• Task item:
Should the listing contain images, exclude them; give the rest again exactly.

• Information shown:

/---

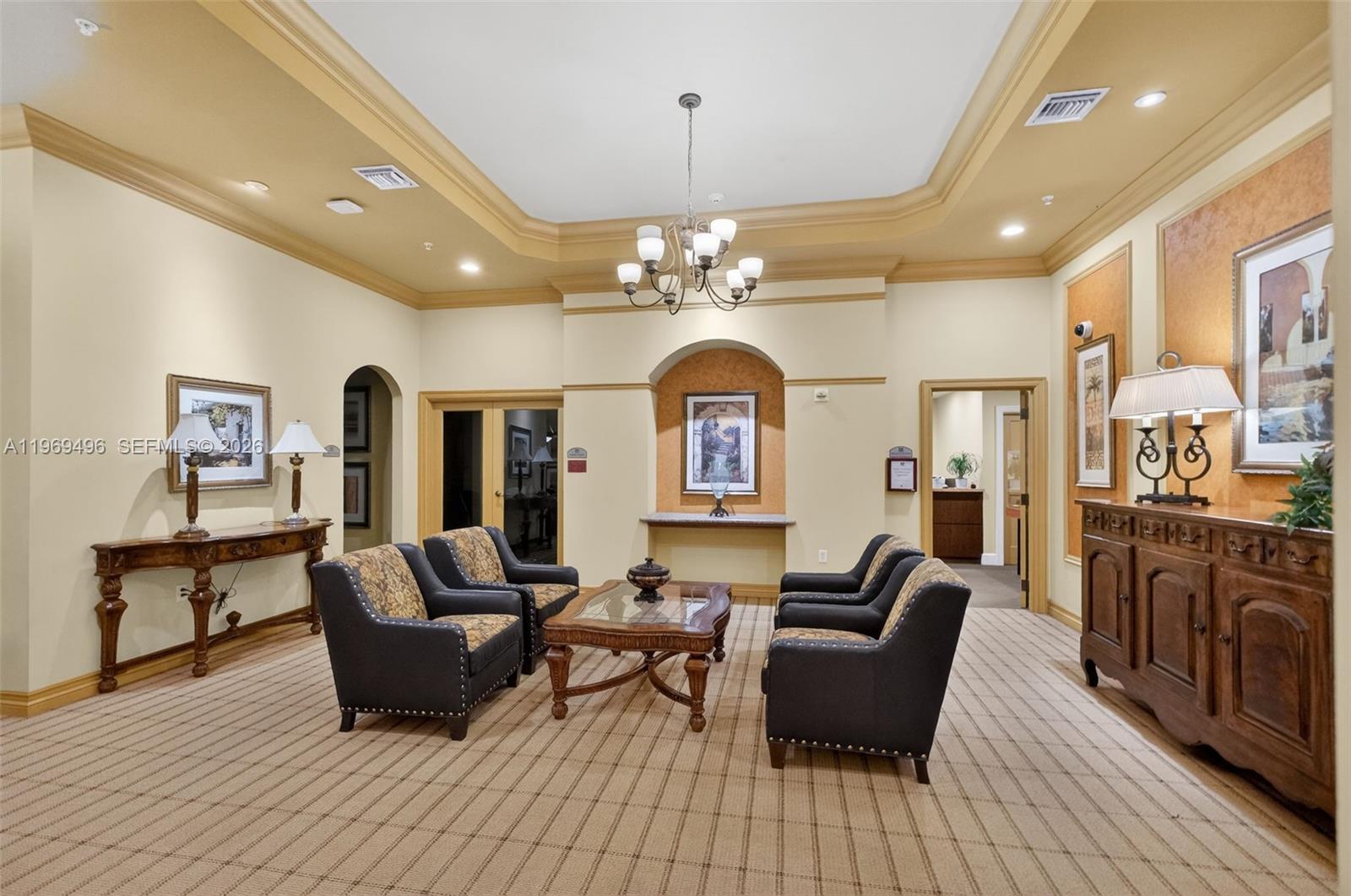 A formal lobby features a coffered ceiling, patterned carpet, and traditional furniture arranged for seating — 888 S Douglas Rd # 1204, Coral Gables FL 33134, CORAL GABLES, FL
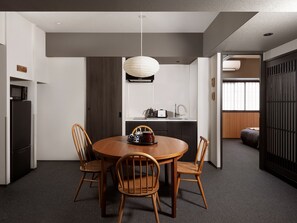 Een moderne eetruimte met een ronde houten tafel, vier houten stoelen, een hanglamp en een keuken op de achtergrond.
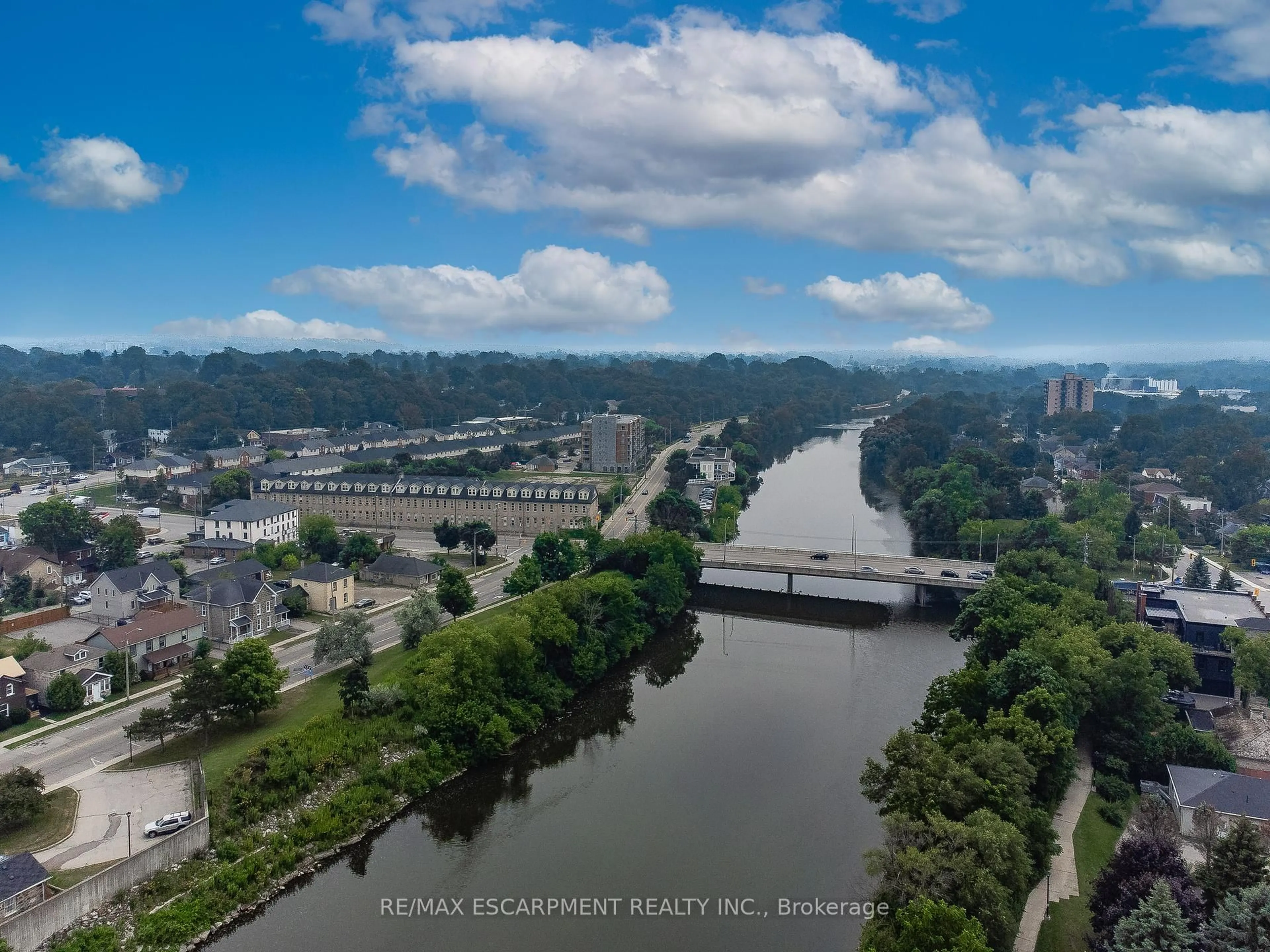 A pic from outside/outdoor area/front of a property/back of a property/a pic from drone, water/lake/river/ocean view for 25 Concession St #201, Cambridge Ontario N1R 2G6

\---

• Answer to the exercise:
 A formal lobby features a coffered ceiling, patterned carpet, and traditional furniture arranged for seating — 888 S Douglas Rd # 1204, Coral Gables FL 33134, CORAL GABLES, FL
 Een moderne eetruimte met een ronde houten tafel, vier houten stoelen, een hanglamp en een keuken op de achtergrond.
 A pic from outside/outdoor area/front of a property/back of a property/a pic from drone, water/lake/river/ocean view for 25 Concession St #201, Cambridge Ontario N1R 2G6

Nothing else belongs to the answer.